No need to care what others think though, it's extraordinarily easy to experiment and determine what suits you best. I don't care if you squeeze an oz of fluid out of a bowl of tobacco you smoke. If that's what gives you enjoyment, have a happy.


The Bard Of Barlings
Jun 15, 2013
I arrived at my solutions through experimentation with different moisture levels for different blends. I do what works for me. It might not work for someone else.

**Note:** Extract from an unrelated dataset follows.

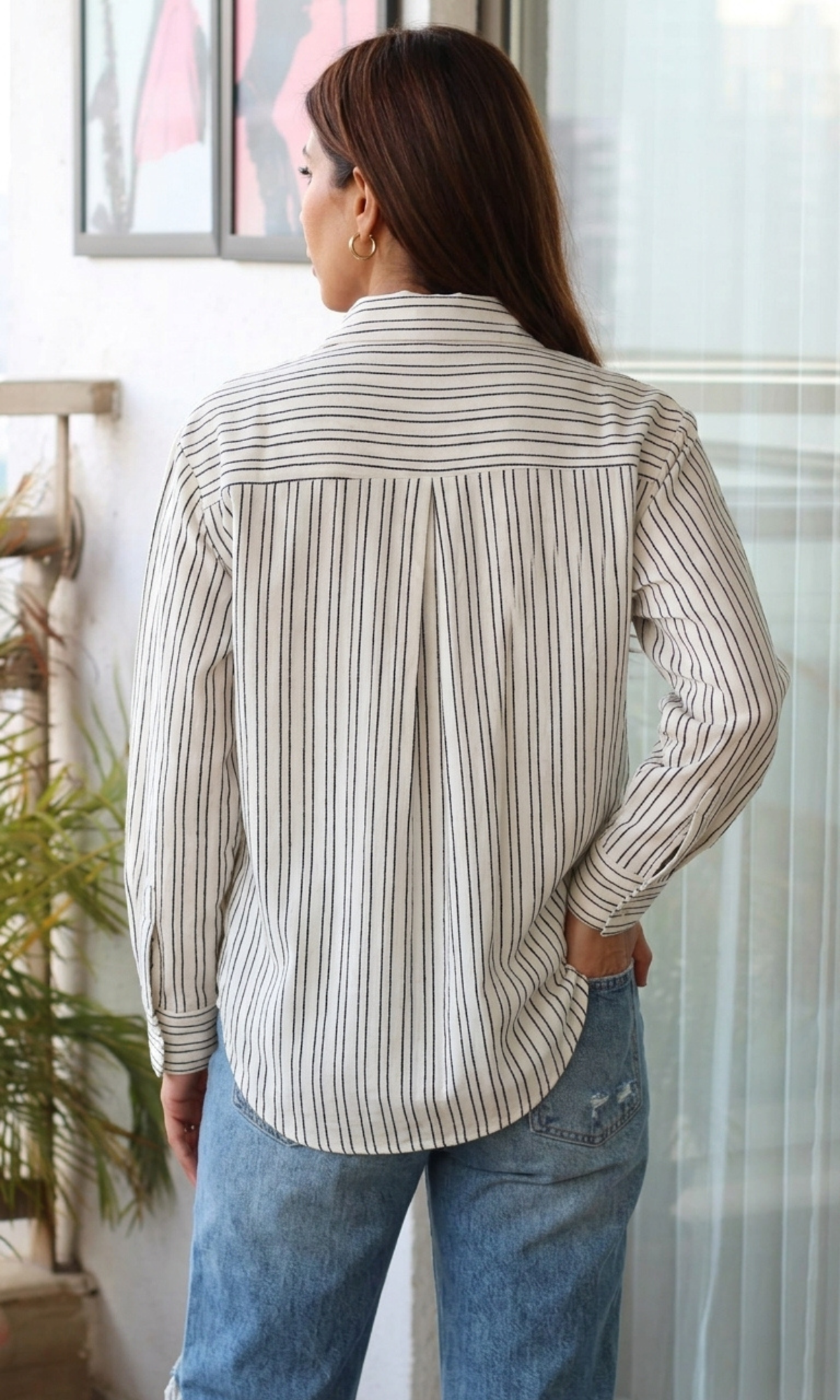 White Black Linear Textured Shirt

Since I primarily smoke Virginias, I find that drying down the tobacco provides me with greater flavors. How dry? That may vary a little, but generally it's just shy of bone dry, dry to the touch when squeezed, no sense of moisture against my skin rising in the squeezed tobacco, but still pliant it a little crispy. But some Virginia blends do well with a little more moisture. And aromatic, or semi armatics seem to have more of that topping preserved with more moisture. English/Balkan/Oriental blends are very forgiving as their leaves are relative flavor bombs, so moisture level is less of a concern for me.

It also varies with the manufacturer. Hearth and Home blends are often packed at the optimal smoking moisture, while Gawith blends are sopping wet and improved with hours of drying time.

I would tell anyone to try a blend at different moisture levels to see what happens with that blend.
For optimal flavor, I want to slow smoke the blend so that it just simmers around the glowing cherry, on the verge of going out. Snorking also helps.


Jul 10, 2018
Las Vegas
I find that the general recommendation to dry is usually a response to requests for help keeping a pipe lit and specific recommendations are usually in response to questions about a specific blend.

The caveat on specific blend questions is usually you have to experiment and find out what you like. For example, I've not tried drying KBV Fallen Cherry and love it as wet as it comes yet I plan on trying it dry to see if I prefer it that way.


Nov 26, 2018
Of course it's all different. They are not you. Right moisture level of the blend you are going to smoke is completely up on you. However, drying tobacco tends to help with number of beginner issues. So suggestion is, always dry your tobacco. How dry? Everyone's little different on that point. Only you can answer that by trial and error. Dry it to crisp if in doubt.


Part of the Furniture Now
Nov 17, 2017
You may find that a particular blend smokes & tastes best for you, much dryer than you’d imagined. I’ve found small plastic bags of baccy that I’d forgotten & was almost crispy. It was delicious when fired up. Much better to me than when smoked at a higher moisture level. It takes a bit of experimentation to see what works for you.



Can't Leave
Sep 21, 2022
These responses are so thoughtful. I wasn’t sure people would make the effort as it seemed like a done-to-death topic. But I think that even if this has been discussed a lot, these answers right here are valuable. These answers amount to a very clear way of thinking about something beginners really need to know.


Starting to Get Obsessed
Oct 22, 2022
As many have stated, it really depends on what you like and have explored within a specific blend.
Years ago I was curious as to what difference the moisture level made to my favourite blend.
I asked the question, got the same answers so proceeded to load two clay pipes with the same blend but two different moisture levels.
The result, quite surprising. The dry/crispy blend had more woody characteristics and more flavour, it also smoked cooler. From then on I dried my blends more than usual. But that's my take, ymmv. Happy drying puffy

Ray Popp

Starting to Get Obsessed
Dec 14, 2022
I can see how you think that this subject may have been covered many times over ... it probably has. But with this group of people on this forum, that is fine. They will tell you what they think, just as they did with the guy who asked the same question a couple of days ago and the guy who asked the question a year ago. I have yet to read anyone telling another to go to some archive to look up something ... as though they don't have the time of day for the noob.

Anyway, tobacco moisture ... yes, it seems to be a bit of a mystery. And even more complicated than the responses so far. Even ambient humidity is part of that equation, it seems. In both setting out your tobacco to dry (15 minutes, and hour, over night) and in smoking it. Try not to get too hung up on it, though. You will work it out. Try not to get too hung up on any aspect of pipe smoking and pipes ... you will work it out.


Jul 23, 2014
The Lower Forty of Hill Country
Many pipe-smokers tend to forget the stubborn fact that water is a byproduct of combustion. If your tobacco is moist to begin with, it will become more moist as you smoke it. The bottom line is that dryer is better. How much dryer? As sablebursh52 said above:
I arrived at my solutions through experimentation with different moisture levels for different blends. I do what works for me. It might not work for someone else.